La production : dans un décor saturé par une énorme croix praticable au I avant de surplomber les actes suivants, les chanteurs évoluent sans véritable direction d’acteur. C’est dommage car la mise en scène de Pierre Audi nous épargne les conneries habituelles (pas de soldats nazis, pas de femmes jouées par des acteurs chibre à l’air, pas de tanks à Marengo : on a les réjouissances que l’on peut). Les lumières de Jean Kalman donnent un peu de chair à l’acte III, dont on imagine qu’il n’a pas été très long à régler – trois équipes de chanteurs se succèdent dans les rôles pour l’ensemble des représentations, ceci expliquant peut-être la faiblesse de cela. Rien, donc, d’horripilant, et cependant, quelle déception devant le manque d’incarnation des personnages ! Rarement l’on vit chanteurs si peu concernés par leur composition. Sebastian Catana, après un premier acte quasi inaudible, joue certes les patibulaires patauds mais à coffre au II ; Béatrice Uria-Monzon montre que, à défaut d’avoir l’étoffe d’une mémorable Tosca (c’est un peu court dans certains passages de tessiture), le rôle ne lui échappe jamais totalement. Toutefois, deux castés se détachent joyeusement du lot : Massimo Giordano, spectaculaire dans chacun de ses airs (quel premier air magnifique ! quelle constance à chacune de ses interventions !), séduit par la perfection de sa voix… mais déçoit par son manque de charisme scénique ; à l’inverse, Carlo Cigni, en évadé mal dans sa peau, rôle secondaire mais important, manque peut-être de temps pour séduire mais convainc par son jeu d’acteur, ce qu’il n’avait pas fait un an auparavant. Dans l’ensemble, le plateau est digne (l’éternel troisième rôle des grandes scènes, qui mérite sans aucun doute mieux, Éric Huchet, fait le travail, comme Luciano Di Pasquale, André Heyboer et, brièvement, Andrea Nelli), le chœur réduit aux utilités ne déçoit pas, l’orchestre travaille sans excès de zèle (décalage bois-vents audible dès l’ouverture, sans conséquence sur la suite), et la représentation se passe sans encombre, sans miracle non plus. Avec un beau regret : pourquoi pas plus de Français en France ?

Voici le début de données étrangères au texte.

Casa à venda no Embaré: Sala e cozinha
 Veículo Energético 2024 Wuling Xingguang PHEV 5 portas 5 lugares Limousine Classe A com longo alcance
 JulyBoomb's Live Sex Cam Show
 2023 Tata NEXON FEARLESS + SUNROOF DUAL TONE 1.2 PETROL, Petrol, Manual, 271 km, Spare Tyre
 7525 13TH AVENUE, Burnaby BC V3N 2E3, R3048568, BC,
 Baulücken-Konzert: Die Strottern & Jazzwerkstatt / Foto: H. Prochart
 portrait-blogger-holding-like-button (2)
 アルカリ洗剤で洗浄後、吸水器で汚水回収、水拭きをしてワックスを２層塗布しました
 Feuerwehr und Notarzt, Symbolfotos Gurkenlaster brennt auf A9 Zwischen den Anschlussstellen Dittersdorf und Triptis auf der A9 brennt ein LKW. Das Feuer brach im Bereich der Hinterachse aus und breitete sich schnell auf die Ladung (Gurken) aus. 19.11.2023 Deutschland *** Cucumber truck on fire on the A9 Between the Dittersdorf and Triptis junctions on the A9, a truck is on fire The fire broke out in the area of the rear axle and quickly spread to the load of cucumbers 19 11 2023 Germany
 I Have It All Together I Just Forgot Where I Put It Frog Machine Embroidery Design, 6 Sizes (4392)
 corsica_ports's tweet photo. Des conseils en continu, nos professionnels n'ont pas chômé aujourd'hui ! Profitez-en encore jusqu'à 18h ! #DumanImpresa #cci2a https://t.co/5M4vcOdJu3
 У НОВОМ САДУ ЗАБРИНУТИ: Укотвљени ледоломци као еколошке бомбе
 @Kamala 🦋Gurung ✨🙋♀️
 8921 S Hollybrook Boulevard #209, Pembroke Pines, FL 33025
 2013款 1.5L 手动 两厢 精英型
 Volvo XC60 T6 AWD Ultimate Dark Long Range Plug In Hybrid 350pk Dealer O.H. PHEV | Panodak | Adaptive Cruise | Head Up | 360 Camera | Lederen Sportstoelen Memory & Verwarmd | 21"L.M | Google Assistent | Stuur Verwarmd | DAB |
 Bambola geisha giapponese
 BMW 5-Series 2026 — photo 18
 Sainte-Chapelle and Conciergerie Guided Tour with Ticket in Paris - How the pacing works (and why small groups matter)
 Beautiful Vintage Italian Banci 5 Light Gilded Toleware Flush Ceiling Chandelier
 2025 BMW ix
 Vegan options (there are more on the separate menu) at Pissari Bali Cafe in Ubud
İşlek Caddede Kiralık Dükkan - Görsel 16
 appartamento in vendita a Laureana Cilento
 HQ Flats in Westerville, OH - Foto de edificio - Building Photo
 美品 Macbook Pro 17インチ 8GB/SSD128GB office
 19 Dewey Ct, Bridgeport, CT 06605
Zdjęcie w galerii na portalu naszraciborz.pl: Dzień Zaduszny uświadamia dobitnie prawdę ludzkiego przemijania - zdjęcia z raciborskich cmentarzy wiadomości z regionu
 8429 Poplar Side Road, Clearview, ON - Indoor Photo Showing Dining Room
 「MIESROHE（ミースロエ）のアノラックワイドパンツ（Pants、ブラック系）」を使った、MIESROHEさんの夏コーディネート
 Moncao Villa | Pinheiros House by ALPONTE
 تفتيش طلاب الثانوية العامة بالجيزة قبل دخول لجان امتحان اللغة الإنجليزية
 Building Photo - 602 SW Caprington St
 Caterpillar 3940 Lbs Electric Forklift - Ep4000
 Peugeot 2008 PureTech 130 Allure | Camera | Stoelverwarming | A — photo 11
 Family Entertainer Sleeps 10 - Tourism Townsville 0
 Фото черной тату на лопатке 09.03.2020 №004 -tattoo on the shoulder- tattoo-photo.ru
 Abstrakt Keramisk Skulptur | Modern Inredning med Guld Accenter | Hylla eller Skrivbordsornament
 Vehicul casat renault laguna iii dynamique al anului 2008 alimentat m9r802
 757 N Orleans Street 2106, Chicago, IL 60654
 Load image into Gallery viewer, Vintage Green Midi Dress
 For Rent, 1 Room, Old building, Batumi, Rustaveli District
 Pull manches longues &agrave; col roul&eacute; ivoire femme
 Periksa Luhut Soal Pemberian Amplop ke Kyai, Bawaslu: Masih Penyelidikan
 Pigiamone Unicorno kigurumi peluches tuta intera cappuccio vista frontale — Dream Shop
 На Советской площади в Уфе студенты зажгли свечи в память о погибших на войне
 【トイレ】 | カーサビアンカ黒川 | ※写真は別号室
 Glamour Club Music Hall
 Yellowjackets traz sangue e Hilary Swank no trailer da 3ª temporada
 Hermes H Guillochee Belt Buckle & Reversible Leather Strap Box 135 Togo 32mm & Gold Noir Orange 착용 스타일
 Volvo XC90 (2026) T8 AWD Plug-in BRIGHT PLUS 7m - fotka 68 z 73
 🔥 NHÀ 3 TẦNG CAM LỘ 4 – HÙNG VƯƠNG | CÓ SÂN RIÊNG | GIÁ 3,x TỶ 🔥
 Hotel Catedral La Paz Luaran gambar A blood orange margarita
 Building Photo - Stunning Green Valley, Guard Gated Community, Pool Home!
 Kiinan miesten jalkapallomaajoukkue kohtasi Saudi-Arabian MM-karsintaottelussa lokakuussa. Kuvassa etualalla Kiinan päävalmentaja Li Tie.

En conclusion : après tant de productions scandaleuses, on est heureux de pouvoir profiter d’un opéra version grand public, oui, mais qui ne crache pas du je-m’en-foutisme-et-yé-t’encoule-en-faisant-n’importe-quoi, façon Clara Halter, cette garce sponsorisée dégueulassement par l’État français, comme gage d’artistisme. Musicalement et dramatiquement, il faut espérer que l’on a vu et entendu mieux, plus risqué, plus prenant, pour cette pièce ; mais, à l’ère actuelle de l’Opéra Bastille, on a envie de dire, presque honteusement, que, malgré le manque d’engagement de la plupart des acteurs et scénomanes, l’on a passé une belle et intelligente soirée. Youpi.